Was ich bewundernswert finde: Ich habe sie noch nie klagen hören. Auch sie hat manches, das ihr Leben wirklich beeinträchtigt und schwer macht wie Probleme mit den Augen, den Hüften und vielem mehr. Für sie ist das ein Grund, gut für sich zu sorgen, sie schluckt ihr Hagebuttenpulver und macht Gymnastik jeden Tag und kann es kaum erwarten, dass die Gartenarbeit wieder losgeht und sie draußen in ihrem Garten buddeln und allem beim Wachsen zusehen kann. Natürlich wird nach wie vor vieles vom Garten verarbeitet, was sie nicht frisch isst, denn Vorräte für den Winter sind wichtig, das weiß sie nach 97 Lebensjahren.

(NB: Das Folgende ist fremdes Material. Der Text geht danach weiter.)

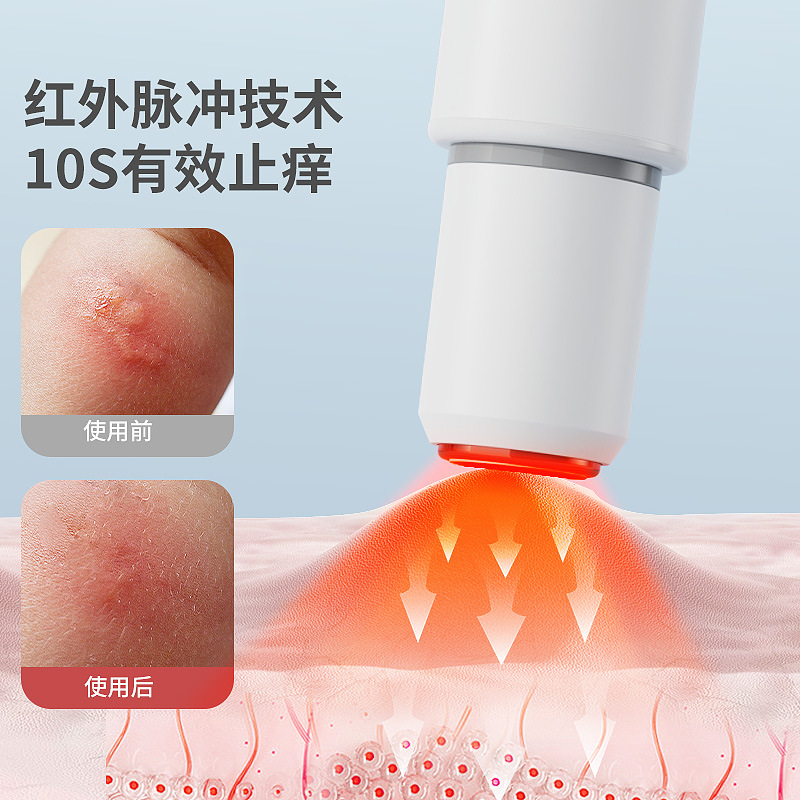 Cross-border Electric Antipruritic Outdoor Mosquito Bite Antipruritic Rechargeable Portable Bite Physical Antipruritic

Es kommt von ihr kein böses Wort über jemanden oder etwas. Sie ist zufrieden und dankt jeden Tag, dass sie noch lebt. Sie nimmt die Dinge, wie sie kommen, in restloser Ergebenheit. Sie versucht zu verstehen, was ihr nicht verständlich erscheint. Die moderne Welt überfordert sie in manchem, dennoch fragt sie, erkundigt sich und staunt, was heute alles machbar ist. Sie war begeistert von einer Videokonferenz, die wir mit ihr gemacht haben am Samstag, so konnte sie mit beiden Enkelinnen und mit sprechen, sie fand das großartig (und ein wenig doof, dass sie mit der Technik nun leider nicht mehr umgehen kann, weil ihre Augen das nicht möglich machen). Sie geht zum Gottesdienst und hält Kontakte, soweit es möglich ist. Sie ist die Älteste der Pfarrgemeinde und in ihrer Altersgruppe gibt es kaum mehr Menschen. Sie hat mehr Menschen bestattet als sie lebend kennt und verfolgt nach wie vor das Weltgeschehen. Keine Spur von Demenz. Sie hat für alles vorgesorgt, falls sie stirbt, alles ist geregelt, jeder weiß Bescheid. Sie will auch im Tod keine Mühe machen.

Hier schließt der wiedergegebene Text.